ScienceDaily presented the other day a study that is of interest for marketers who wish to reach people with different personalities, and at least understand that one person differs from another on a deeper and more complex level than age, neighbourhood or gender.

“Murray and co-authors Remi Trudel of Boston University and June Cotte from the University of Western Ontario found that when it comes to our basic consumer motivations, how we experience a good or bad service experience or how we react to a superior or inferior product depends on whether we're prone to seeking pleasure or avoiding pain. This translates into two groups who show very different levels of satisfaction for the same consumer experience.

The pleasure-versus-pain principle
The researchers studied people's reactions to two consumer experiences: tasting a cup of coffee and choosing a digital camera. In both studies, there was a quality product and one that had been altered to affect its quality. Test subjects were asked to rate their satisfaction with the product's quality. The researchers discovered that respondents fell into two categories: promotion-focused (pleasure-seeking) or prevention-focused (pain-avoiding). "These two types of people respond very differently to having the same kind of service encounter or having the same kind of problem with a product," said Murray.
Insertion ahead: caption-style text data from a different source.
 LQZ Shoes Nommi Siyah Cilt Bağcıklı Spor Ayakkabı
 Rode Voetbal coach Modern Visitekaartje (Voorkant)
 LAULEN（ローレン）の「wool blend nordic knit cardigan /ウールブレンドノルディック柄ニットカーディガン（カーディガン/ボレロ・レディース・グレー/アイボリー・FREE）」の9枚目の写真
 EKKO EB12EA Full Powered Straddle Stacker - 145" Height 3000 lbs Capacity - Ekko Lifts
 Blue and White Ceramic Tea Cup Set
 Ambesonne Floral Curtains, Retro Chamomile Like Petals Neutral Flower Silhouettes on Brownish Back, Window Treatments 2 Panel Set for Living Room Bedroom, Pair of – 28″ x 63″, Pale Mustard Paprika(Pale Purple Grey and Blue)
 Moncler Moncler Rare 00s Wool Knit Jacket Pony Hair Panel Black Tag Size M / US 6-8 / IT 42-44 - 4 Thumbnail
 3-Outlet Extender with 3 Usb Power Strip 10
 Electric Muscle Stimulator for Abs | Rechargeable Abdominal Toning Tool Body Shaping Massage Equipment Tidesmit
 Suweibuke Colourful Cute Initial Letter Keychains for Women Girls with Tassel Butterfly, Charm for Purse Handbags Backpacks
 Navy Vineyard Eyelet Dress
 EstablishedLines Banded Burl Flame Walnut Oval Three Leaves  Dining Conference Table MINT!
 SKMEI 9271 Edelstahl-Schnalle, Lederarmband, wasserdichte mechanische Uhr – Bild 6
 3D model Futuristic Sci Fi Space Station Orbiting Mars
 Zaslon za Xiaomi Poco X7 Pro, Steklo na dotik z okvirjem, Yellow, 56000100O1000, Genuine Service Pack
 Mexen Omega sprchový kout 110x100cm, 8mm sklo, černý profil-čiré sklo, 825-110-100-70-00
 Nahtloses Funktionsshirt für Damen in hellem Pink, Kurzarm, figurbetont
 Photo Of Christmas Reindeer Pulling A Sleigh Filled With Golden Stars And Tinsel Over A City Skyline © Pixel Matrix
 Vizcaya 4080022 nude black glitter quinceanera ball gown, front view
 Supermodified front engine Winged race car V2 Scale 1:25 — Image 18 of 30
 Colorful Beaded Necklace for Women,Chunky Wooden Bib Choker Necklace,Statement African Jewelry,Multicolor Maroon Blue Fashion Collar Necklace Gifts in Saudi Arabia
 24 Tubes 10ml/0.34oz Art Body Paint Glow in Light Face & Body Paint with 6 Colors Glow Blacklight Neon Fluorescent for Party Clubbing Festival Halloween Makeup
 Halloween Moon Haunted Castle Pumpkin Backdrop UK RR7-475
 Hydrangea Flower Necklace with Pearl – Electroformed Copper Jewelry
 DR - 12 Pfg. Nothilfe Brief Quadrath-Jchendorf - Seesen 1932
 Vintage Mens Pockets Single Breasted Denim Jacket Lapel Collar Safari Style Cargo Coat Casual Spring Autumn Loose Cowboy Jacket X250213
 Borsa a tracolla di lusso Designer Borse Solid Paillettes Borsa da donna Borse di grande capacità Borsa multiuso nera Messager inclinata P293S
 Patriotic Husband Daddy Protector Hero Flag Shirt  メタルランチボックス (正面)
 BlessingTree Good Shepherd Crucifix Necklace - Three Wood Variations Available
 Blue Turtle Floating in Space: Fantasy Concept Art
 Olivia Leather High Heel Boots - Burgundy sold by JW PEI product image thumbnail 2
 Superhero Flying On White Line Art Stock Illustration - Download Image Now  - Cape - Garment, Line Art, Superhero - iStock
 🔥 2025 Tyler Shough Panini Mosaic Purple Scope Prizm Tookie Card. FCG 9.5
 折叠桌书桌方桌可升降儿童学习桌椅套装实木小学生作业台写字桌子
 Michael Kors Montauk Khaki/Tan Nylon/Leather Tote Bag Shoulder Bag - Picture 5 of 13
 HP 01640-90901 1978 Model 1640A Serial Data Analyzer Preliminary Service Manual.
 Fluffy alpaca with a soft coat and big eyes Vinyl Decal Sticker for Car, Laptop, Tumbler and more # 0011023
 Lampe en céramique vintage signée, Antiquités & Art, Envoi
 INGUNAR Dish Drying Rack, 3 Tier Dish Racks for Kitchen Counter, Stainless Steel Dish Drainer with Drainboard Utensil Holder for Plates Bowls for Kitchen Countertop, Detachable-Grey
"People who are promotion-focused tend to get a lot more hurt when something goes wrong, but they're also a lot happier when something goes right," he said. "The prevention-focused people are less upset when something goes wrong -- when they buy a product and it breaks or they have a bad service experience -- but they're also less happy when something goes right."

Can't get no satisfaction? It may be a conservative bias
Murray notes that although the prevention-focused response was far less extreme than the promotion-focused response, the pain-avoiding group appeared less able to enjoy a positive consumer experience. As a consequence, their controlled reactions left them feeling less joy when something went right -- a phenomenon the researchers labelled a conservative bias.
"That conservative bias changes the way they see the world," he said. "They're a little bit more constrained in all their responses, at least in the realm of satisfaction."

The study was published in the March 2012 issue of the International Journal of Research in Marketing.